* _What this task involves_:
Reproduce the listing in full, exactly as written, but without images.

* _Available data_:

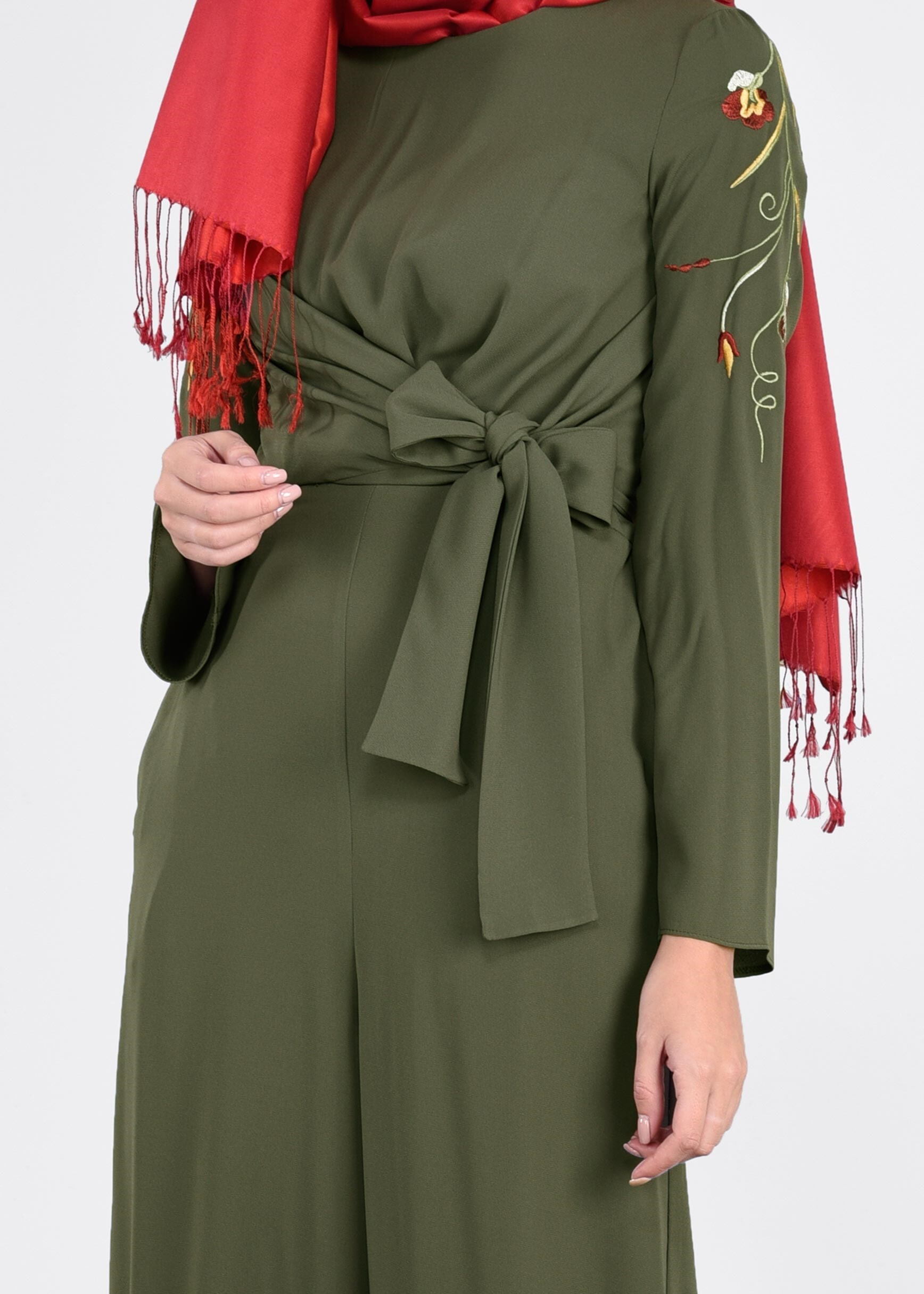 Tesettür giyim HAKİ KOLLARI NAKIŞ İŞLEMELİ TULUM 4520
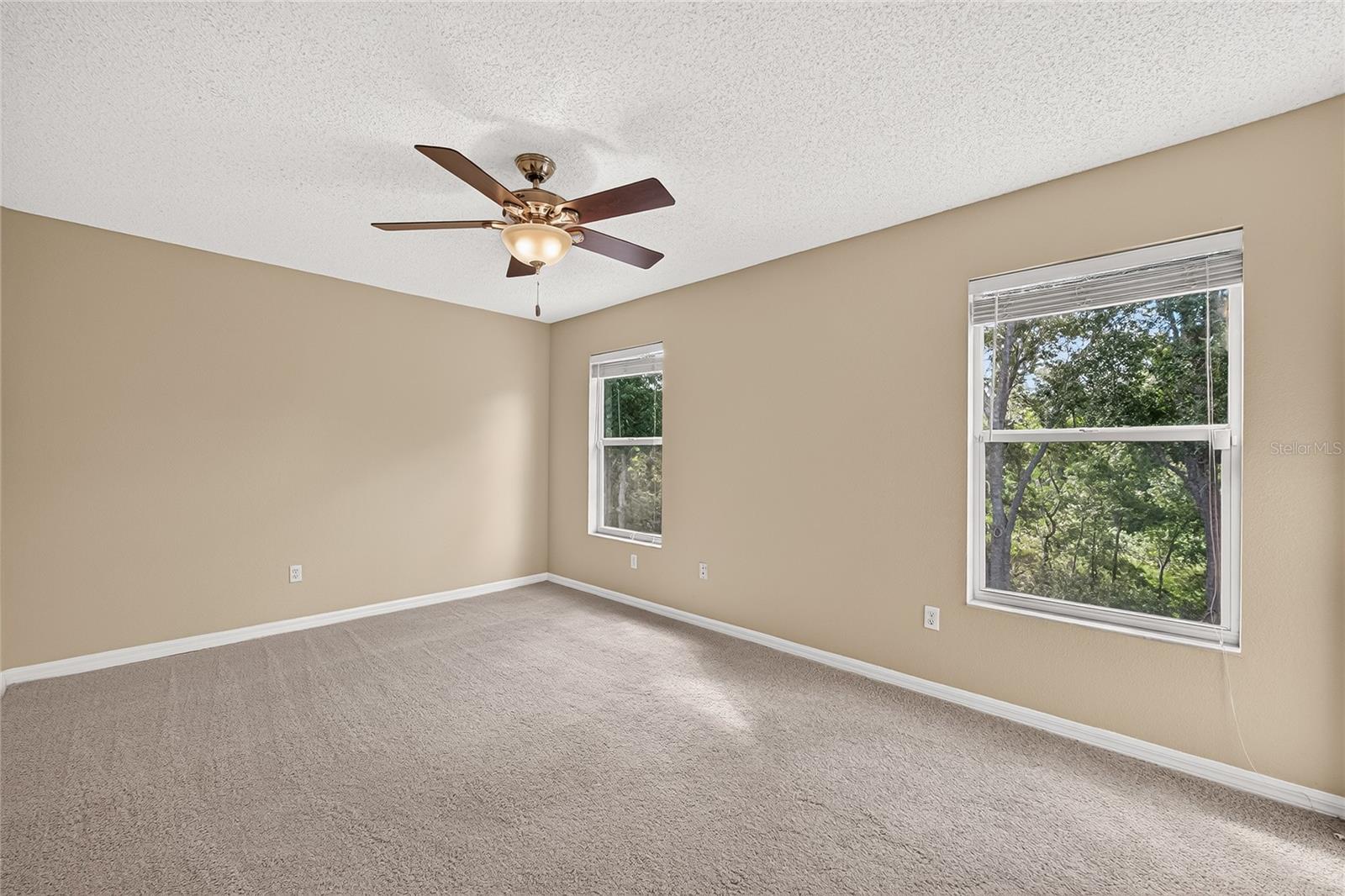 4319 DEERMONT CIR — photo 15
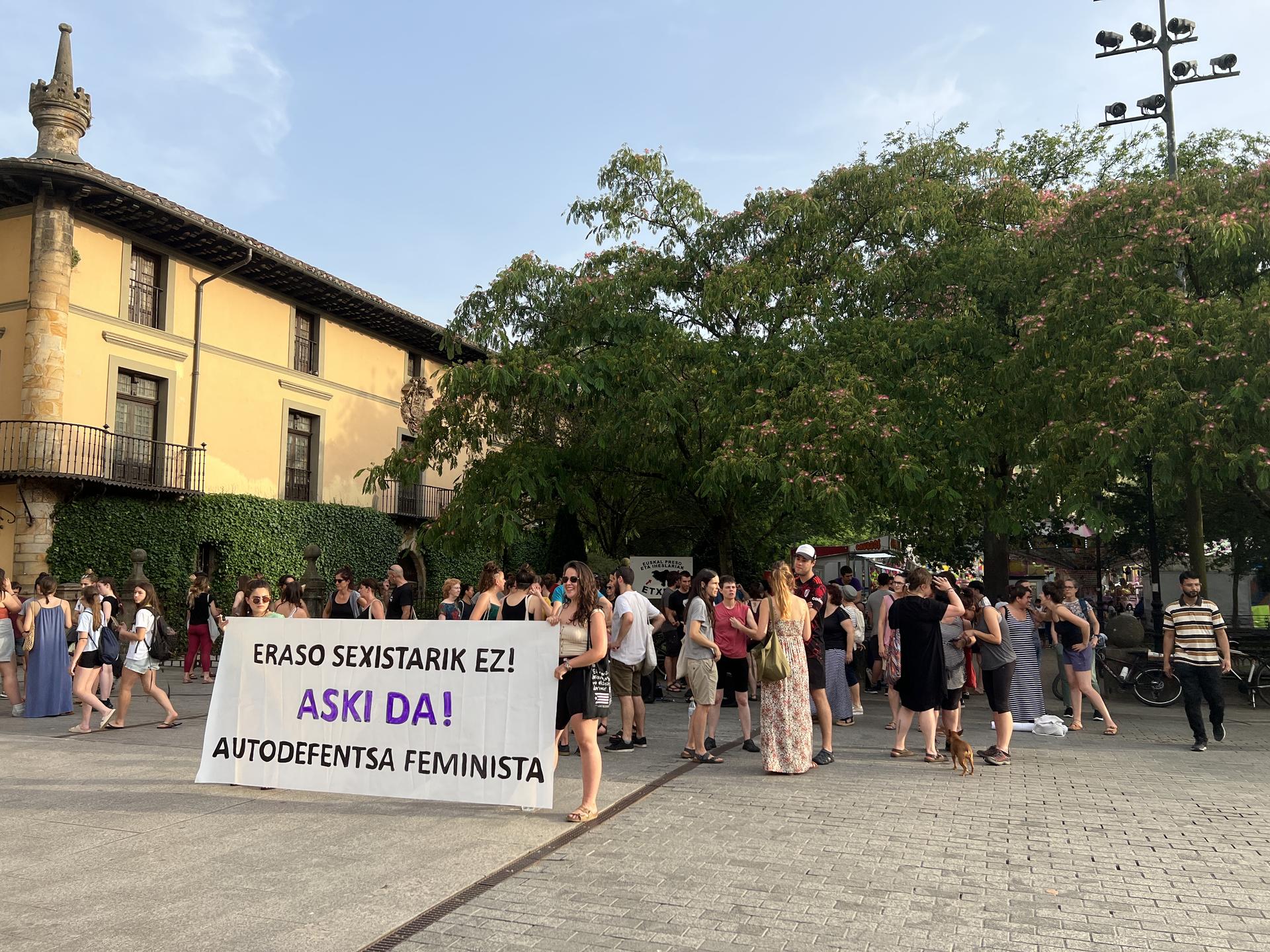 Asteburuan gertatutako eraso matxista bat gaitzetsi dute Oñatin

* _Result for this exercise_:
 Tesettür giyim HAKİ KOLLARI NAKIŞ İŞLEMELİ TULUM 4520
 4319 DEERMONT CIR — photo 15
 Asteburuan gertatutako eraso matxista bat gaitzetsi dute Oñatin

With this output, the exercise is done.